TASK DIRECTIONS | What lines in this listing contain the string "with"? Report each one by copying it.
++++ DATA FOR THIS EXERCISE
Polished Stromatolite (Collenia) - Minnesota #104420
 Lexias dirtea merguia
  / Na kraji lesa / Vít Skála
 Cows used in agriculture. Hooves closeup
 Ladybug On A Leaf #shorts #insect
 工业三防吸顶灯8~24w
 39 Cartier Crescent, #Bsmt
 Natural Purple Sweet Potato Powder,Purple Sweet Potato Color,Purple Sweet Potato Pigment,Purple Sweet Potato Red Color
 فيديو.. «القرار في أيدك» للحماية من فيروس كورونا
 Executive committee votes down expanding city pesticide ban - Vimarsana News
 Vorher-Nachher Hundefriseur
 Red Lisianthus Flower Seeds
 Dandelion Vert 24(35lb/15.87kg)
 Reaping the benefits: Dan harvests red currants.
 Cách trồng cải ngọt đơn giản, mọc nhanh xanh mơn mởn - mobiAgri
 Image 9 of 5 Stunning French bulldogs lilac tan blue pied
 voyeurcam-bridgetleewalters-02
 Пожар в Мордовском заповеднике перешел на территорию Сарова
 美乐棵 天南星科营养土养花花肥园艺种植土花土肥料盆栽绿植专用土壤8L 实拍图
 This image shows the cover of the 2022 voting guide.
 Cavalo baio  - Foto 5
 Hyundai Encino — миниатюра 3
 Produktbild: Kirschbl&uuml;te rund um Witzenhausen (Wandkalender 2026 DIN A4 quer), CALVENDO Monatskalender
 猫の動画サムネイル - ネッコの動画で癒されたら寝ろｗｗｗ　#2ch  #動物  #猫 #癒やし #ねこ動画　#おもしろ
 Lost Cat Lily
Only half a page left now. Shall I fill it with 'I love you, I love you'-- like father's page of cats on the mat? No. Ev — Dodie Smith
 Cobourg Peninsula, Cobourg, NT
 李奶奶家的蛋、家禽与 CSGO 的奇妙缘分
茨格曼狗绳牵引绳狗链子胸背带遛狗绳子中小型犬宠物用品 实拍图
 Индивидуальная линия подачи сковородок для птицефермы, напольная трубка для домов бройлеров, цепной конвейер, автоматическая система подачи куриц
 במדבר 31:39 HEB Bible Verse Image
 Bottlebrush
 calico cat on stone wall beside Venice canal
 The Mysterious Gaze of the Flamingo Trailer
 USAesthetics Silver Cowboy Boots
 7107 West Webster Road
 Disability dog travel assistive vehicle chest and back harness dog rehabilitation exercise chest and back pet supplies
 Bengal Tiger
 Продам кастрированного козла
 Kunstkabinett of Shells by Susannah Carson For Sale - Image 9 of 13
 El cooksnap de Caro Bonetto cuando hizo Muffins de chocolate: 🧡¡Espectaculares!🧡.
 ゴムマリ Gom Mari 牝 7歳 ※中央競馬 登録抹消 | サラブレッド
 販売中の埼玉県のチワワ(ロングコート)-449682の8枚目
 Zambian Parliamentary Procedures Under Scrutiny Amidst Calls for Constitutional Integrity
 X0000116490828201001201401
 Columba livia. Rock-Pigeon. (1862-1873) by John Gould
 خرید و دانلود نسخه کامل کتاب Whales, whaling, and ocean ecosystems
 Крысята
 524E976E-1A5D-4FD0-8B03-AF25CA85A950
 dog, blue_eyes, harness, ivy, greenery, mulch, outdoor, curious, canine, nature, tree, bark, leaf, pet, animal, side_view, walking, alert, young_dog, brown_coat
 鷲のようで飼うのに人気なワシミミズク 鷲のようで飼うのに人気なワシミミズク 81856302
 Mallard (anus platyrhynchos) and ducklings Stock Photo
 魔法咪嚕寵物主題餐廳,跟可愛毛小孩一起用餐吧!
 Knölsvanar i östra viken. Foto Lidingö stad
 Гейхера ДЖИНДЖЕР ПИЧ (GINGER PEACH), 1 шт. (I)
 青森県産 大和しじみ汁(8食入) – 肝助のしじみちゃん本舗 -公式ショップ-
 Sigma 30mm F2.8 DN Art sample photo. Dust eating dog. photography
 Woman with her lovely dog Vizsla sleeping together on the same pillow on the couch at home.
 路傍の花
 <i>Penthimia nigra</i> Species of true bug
++++++++
REPLY |
Only half a page left now. Shall I fill it with 'I love you, I love you'-- like father's page of cats on the mat? No. Ev — Dodie Smith
 Woman with her lovely dog Vizsla sleeping together on the same pillow on the couch at home.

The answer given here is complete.